>>

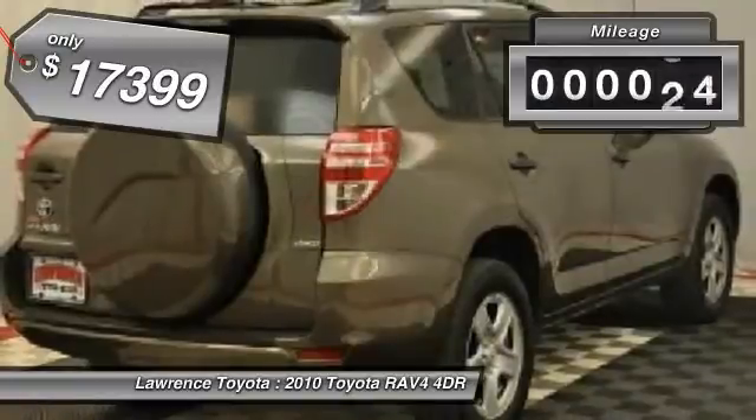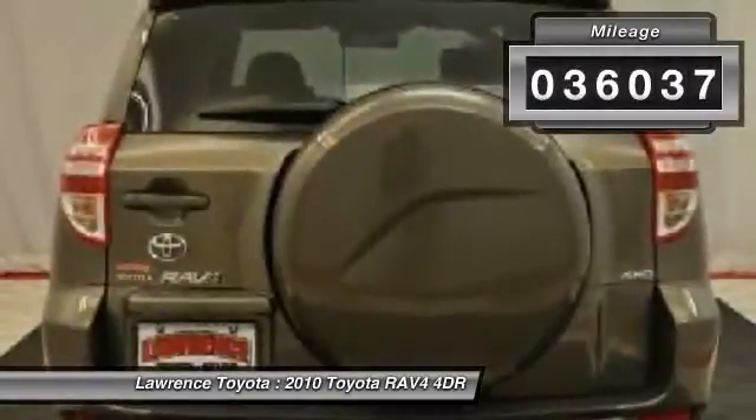This vehicle has less than 40,000 miles. Here are some of this vehicle's great options.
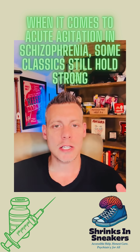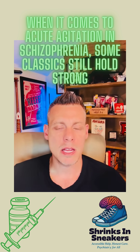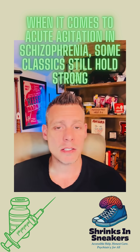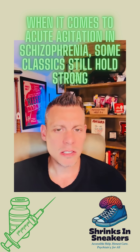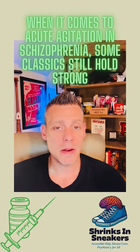When treating acute agitation in any setting — whether it's the emergency department or an inpatient unit — you have to act quickly and you want to know the most effective options. There are several options, more than one, but one stands out above the rest. The most effective combination of medications is Ativan and Haloperidol.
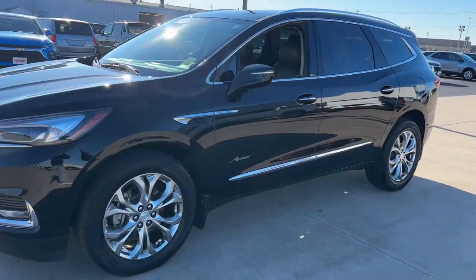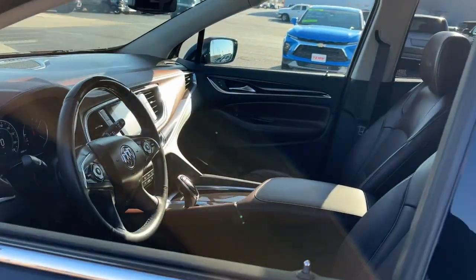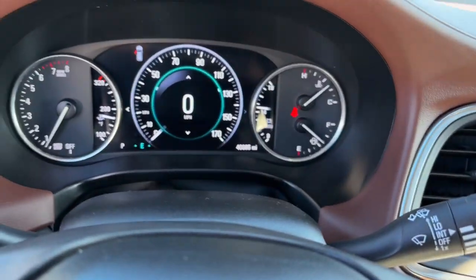Its responsive performance lets you command the road while its luxuries enfold you. The Enclave may just make you forget you're driving an SUV.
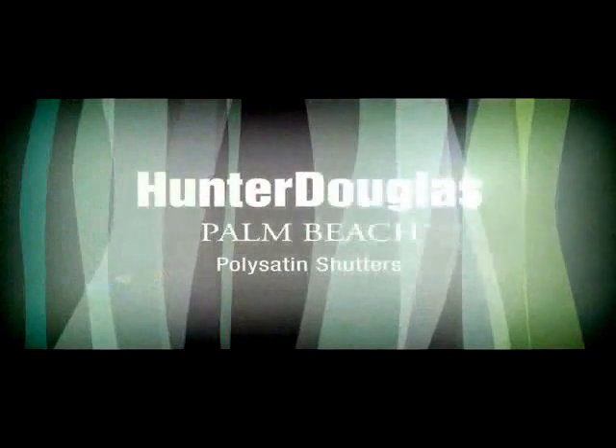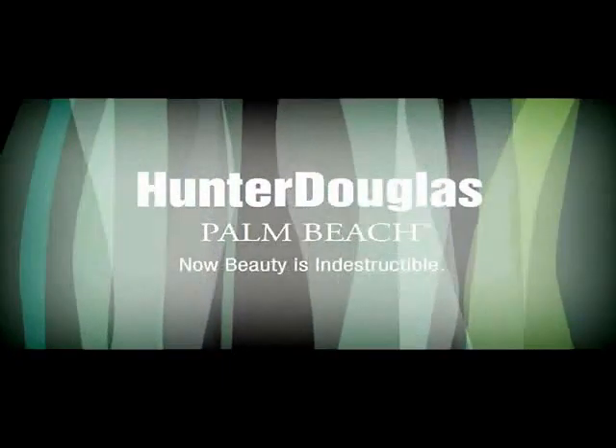Backed by Hunter Douglas' unmatched warranty and the Palm Beach Promise, it's the perfect package. Palm Beach Polysatin Shutters — now beauty is indestructible.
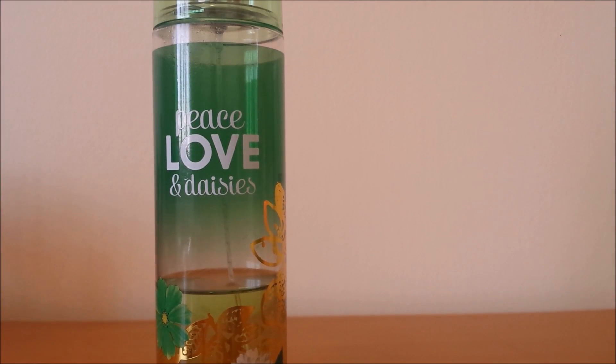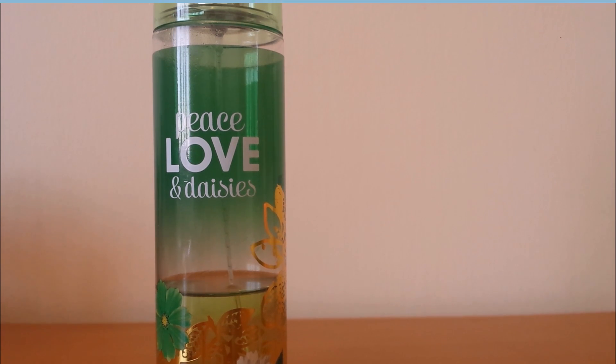Another scent I've been using this month is the Peace Love and Daisies. I really like this scent because it's a really nice, florally, refreshing scent, more on the floral side. Another definite recommendation. I really like scents that are refreshing and not too sweet.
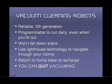Let's talk about vacuum cleaning robots — the ones from iRobot, for instance. Did you know that they're in their fifth generation? You can set them up to run daily, even when you're out of the house. They won't fall down stairs or get caught on rug fringes. They use lighthouse technology to navigate through the rooms of your house and stay away from areas you mark off limits. They'll return to their own home base to recharge themselves at the end of their rounds. You can quit vacuuming — let the robots do it for you.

<<

Problem requirements
Where the line containing "Backed by Hunter" appears in the data above, begin there and output every line through the last, exactly and without pictures.

Exercise solution
Backed by Hunter Douglas' unmatched warranty and the Palm Beach Promise, it's the perfect package. Palm Beach Polysatin Shutters — now beauty is indestructible.
Another scent I've been using this month is the Peace Love and Daisies. I really like this scent because it's a really nice, florally, refreshing scent, more on the floral side. Another definite recommendation. I really like scents that are refreshing and not too sweet.
Let's talk about vacuum cleaning robots — the ones from iRobot, for instance. Did you know that they're in their fifth generation? You can set them up to run daily, even when you're out of the house. They won't fall down stairs or get caught on rug fringes. They use lighthouse technology to navigate through the rooms of your house and stay away from areas you mark off limits. They'll return to their own home base to recharge themselves at the end of their rounds. You can quit vacuuming — let the robots do it for you.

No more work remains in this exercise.